Presently he set her down on the path, and she stooped to kiss his hand.
"You are generous, Cousin. Vera will not forget."
With that she hurried into the thicket, jubilant as a bird set free from
his cage.
Raisky heard the rustle of the bushes as she pushed them aside, and the
crackle of the dry twigs.
In the half-ruined arbour waited Mark, with gun and cap laid upon the
table. He walked up and down on the shaky floor, and whenever he trod on
one end of a board the other rose in the air, and then fell clattering
back again.
"The devil's music!" he murmured angrily, sat down on a bench near the
table, and pushed his hands through his thick hair. He smoked one
cigarette after another, the burning match lighting up his pale,
agitated face for a moment. After each shot he listened for a few
minutes, went out on the steps, and looked out into the bushes. When he
returned he walked up and down, raising the "devil's music" once more,
threw himself on the bench, and ran his hands through his hair. After
the third shot he listened long and earnestly. As he heard nothing he
was on the point of going away. To relieve his gloomy feelings he
murmured a curse between his teeth, took the gun and prepared to descend
the path. He hesitated a few moments longer, then walked off with
decision. Suddenly he met Vera.
She stood still, breathing with difficulty, and laid her hand on her
heart. As soon as he took her hand she was calm. Mark could not conceal
his joy, but his words of greeting did not betray it.

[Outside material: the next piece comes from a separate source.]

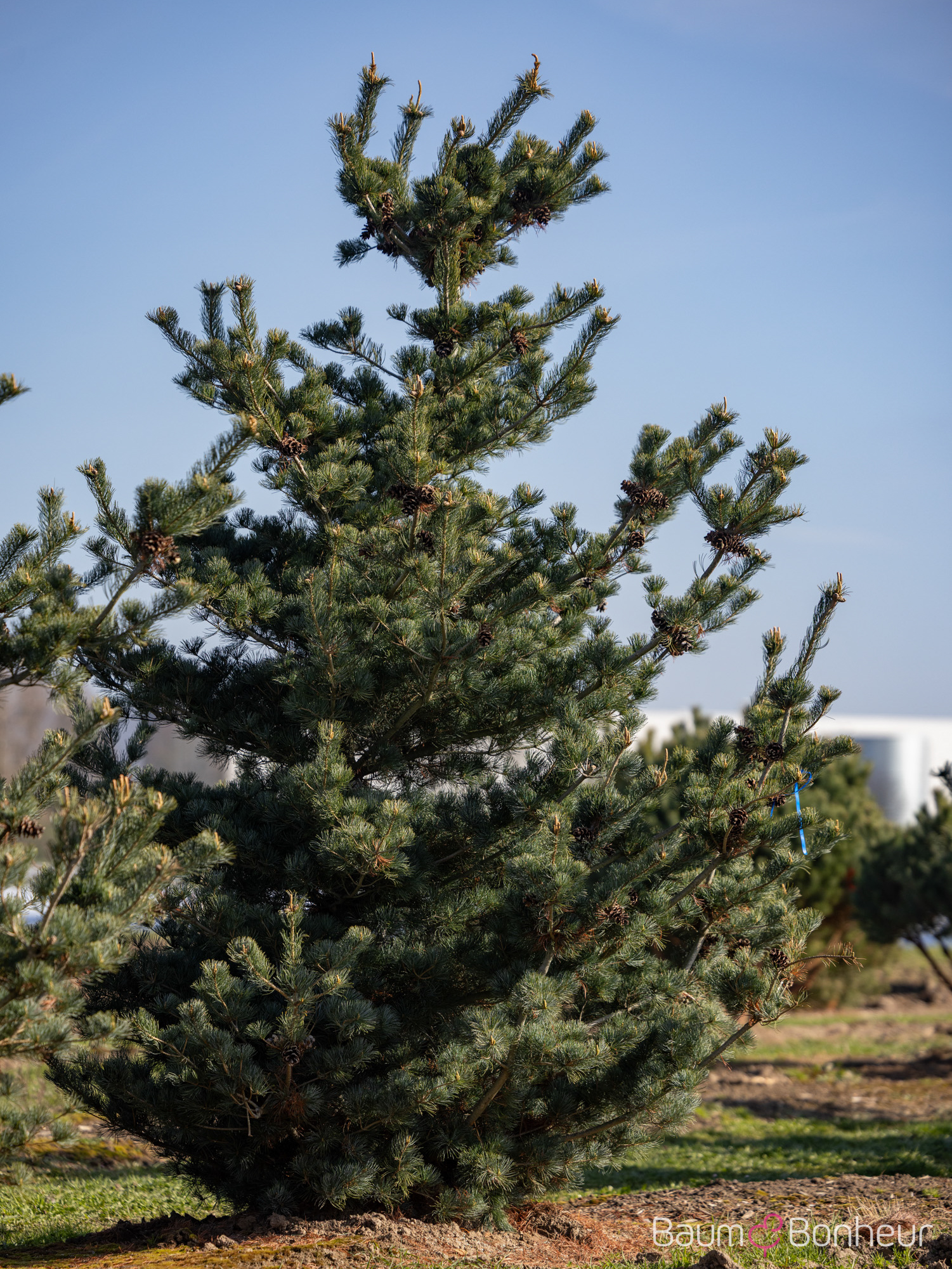 Pinus parviflora 'Tempelhof'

"You used to be punctual, Vera," he said, "and I used not to have to
waste three shots."
"A reproach instead of a welcome!" she said, drawing her hand away.
"It's only by way of beginning a conversation Happiness makes a fool of
me, like Raisky."
"If happiness gleamed before us, we should not be meeting in secret by
this precipice," she said, drawing a long breath.

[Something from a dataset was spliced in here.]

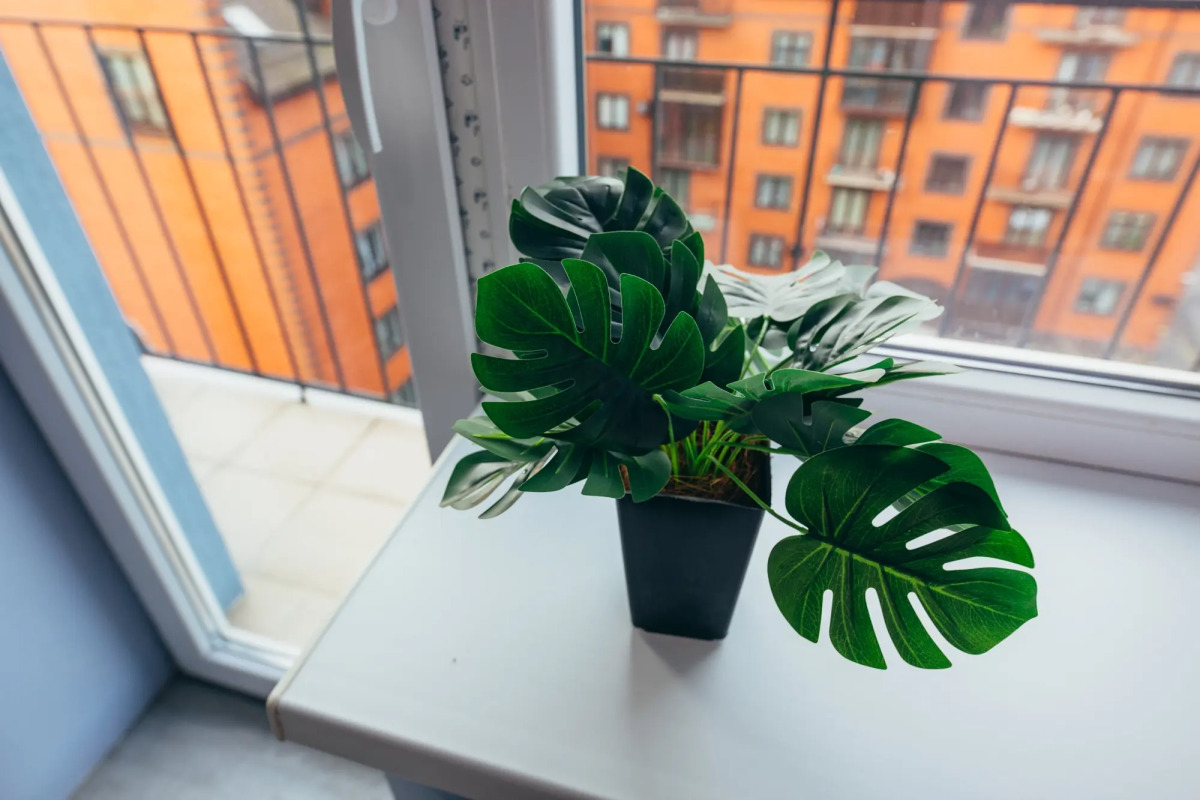 Апартаменты Александра Суворова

"We should be sitting at your Grandmother's tea-table, and waiting till
someone arranged our betrothal. Why dream of these impossible things.
Your Grandmother would not give you to me."
"She would. She does what I wish. That is not the hindrance."
"You are starting on this endless polemic again, Vera. We are meeting
for the last time, as you determined we should. Let us make an end of
this torture."
"I took an oath never to come here again."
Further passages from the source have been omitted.